If you think that this is a strategy for a more efficient cost effective health care system, delivering more of its products and services to a wider population more equitably, then you too are probably in line to be the CEO of a major pharmaceutical company, or maybe you already are.

Although he says one or two sensible things about Medicare and school meals, Fred Hassan’s Four Pillars of Wisdom Health Care Reform might look to the outside observer as being just a leetle, leetle bit self-serving. But he has his supporters on the libertarian right. At Tech Central Station, which BTW genuinely doubles as a PR agency for oil companies that for some obscure reason don’t believe in global warming, libertarian columnist Arnold Kling thinks that critics of the system hate those “producers” in the industry. Those people who hate the producers include Uwe Reinhardt, who complains about the high cost of health care and attributes it to the high cost of services. Kling feels that Uwe’s counting the wrong things (services) and that really we should be looking at those outputs–although he doesn’t explain what outputs are, and that everyone who understands health care knows that outcomes (one version of “outputs”) are poorly counted and often just plain poor in American healthcare.

But while they are loathe to criticize producers of health care services, especially producers of very expensive medical technologies which enjoy monopoly protection, those on the political right of a more fiscally-conservative ilk are starting to complain about the costs that are being dumped into new government programs–which will end up being transferred to those producers under our current system. Blogger Josh Clayborn is one such conservative who maintains that these government programs are something we can’t afford. Although the cynical amongst us might note that while we can’t “afford” to borrow money to offer drugs to Medicare recipients, apparently we seem to be able to afford to borrow money to give huge tax breaks to the super-rich.

But those of us who think that the health care system consumes too much money inefficiently have a little bit of ammunition.

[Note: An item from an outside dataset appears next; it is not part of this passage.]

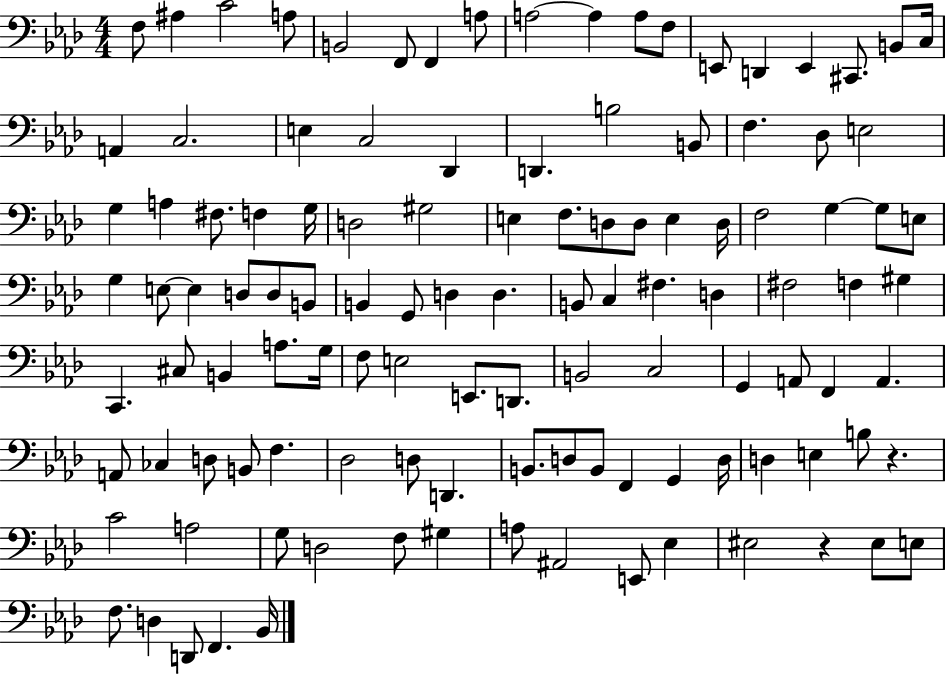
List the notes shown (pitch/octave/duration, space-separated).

F3/e A#3/q C4/h A3/e B2/h F2/e F2/q A3/e A3/h A3/q A3/e F3/e E2/e D2/q E2/q C#2/e. B2/e C3/s A2/q C3/h. E3/q C3/h Db2/q D2/q. B3/h B2/e F3/q. Db3/e E3/h G3/q A3/q F#3/e. F3/q G3/s D3/h G#3/h E3/q F3/e. D3/e D3/e E3/q D3/s F3/h G3/q G3/e E3/e G3/q E3/e E3/q D3/e D3/e B2/e B2/q G2/e D3/q D3/q. B2/e C3/q F#3/q. D3/q F#3/h F3/q G#3/q C2/q. C#3/e B2/q A3/e. G3/s F3/e E3/h E2/e. D2/e. B2/h C3/h G2/q A2/e F2/q A2/q. A2/e CES3/q D3/e B2/e F3/q. Db3/h D3/e D2/q. B2/e. D3/e B2/e F2/q G2/q D3/s D3/q E3/q B3/e R/q. C4/h A3/h G3/e D3/h F3/e G#3/q A3/e A#2/h E2/e Eb3/q EIS3/h R/q EIS3/e E3/e F3/e. D3/q D2/e F2/q. Bb2/s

For the perfect Adam Smith market to appear in health care, information and expertise has to appear on the consumer side, and monopolies have to be broken on the producer side. Well anyone who knows anything about health care knows that we are far from that happy state. While Fred Hassan is unhappy about alleged government interference in the pharma business stopping his precious innovation, the real story is that he doesn’t seem to be objecting too much to the government interference in the market that allows his industry to routinely increase prices and play all sorts of games to prevent competition.

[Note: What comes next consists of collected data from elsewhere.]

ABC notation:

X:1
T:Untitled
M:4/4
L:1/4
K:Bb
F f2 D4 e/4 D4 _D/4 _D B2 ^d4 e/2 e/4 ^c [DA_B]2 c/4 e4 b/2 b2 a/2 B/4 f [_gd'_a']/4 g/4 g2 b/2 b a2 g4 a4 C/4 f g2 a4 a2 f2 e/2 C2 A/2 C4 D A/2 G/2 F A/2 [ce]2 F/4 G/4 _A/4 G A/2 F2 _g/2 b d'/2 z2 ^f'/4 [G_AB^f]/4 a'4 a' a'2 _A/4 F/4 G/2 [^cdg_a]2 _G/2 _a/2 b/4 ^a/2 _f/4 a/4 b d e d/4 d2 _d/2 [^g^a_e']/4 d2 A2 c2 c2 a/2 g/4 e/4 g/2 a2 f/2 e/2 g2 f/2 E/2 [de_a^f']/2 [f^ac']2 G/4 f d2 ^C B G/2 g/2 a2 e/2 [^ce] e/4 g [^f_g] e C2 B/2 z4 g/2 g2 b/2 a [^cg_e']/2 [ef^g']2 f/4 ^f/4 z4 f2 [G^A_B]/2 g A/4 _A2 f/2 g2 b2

And while we’re on the subject of consumer knowledge, it’s worth taking a quick look at this table which shows that only 33% of Americans believe that we spend more on health care for the elderly than we do on health care for kids. Given that level of understanding of the health care system, its hard to imagine that the “consumer” versus the “producer” is a fair contest. And fifty years of “free market” health care shows that it hasn’t been. Which is why the single payer crowd and the managed care/managed competition crowd all believe that some specialist entity needs to at least be attempting to level the playing field.

And when a major pharma CEO is promulgating about how the rest of us should be funding his retirement fund (rather than our own), well one of my correspondents suggested that it reminded him of when the Chicago press would interview Al Capone in the 1920s and Scarface Al would opine on topics ranging from the changing status of women to juvenile delinquency and government policy for small business. The less amusing aspect of all of this is that health policy in the first and (gawd help us) second Bush term is being run by Hassan and his cohorts in big pharma, so we can expect the current level of producer versus consumer imbalance to continue. Unless of course I’m wrong and the CDHPs first become common and then work to restrain health care costs. But I’m not holding my breath.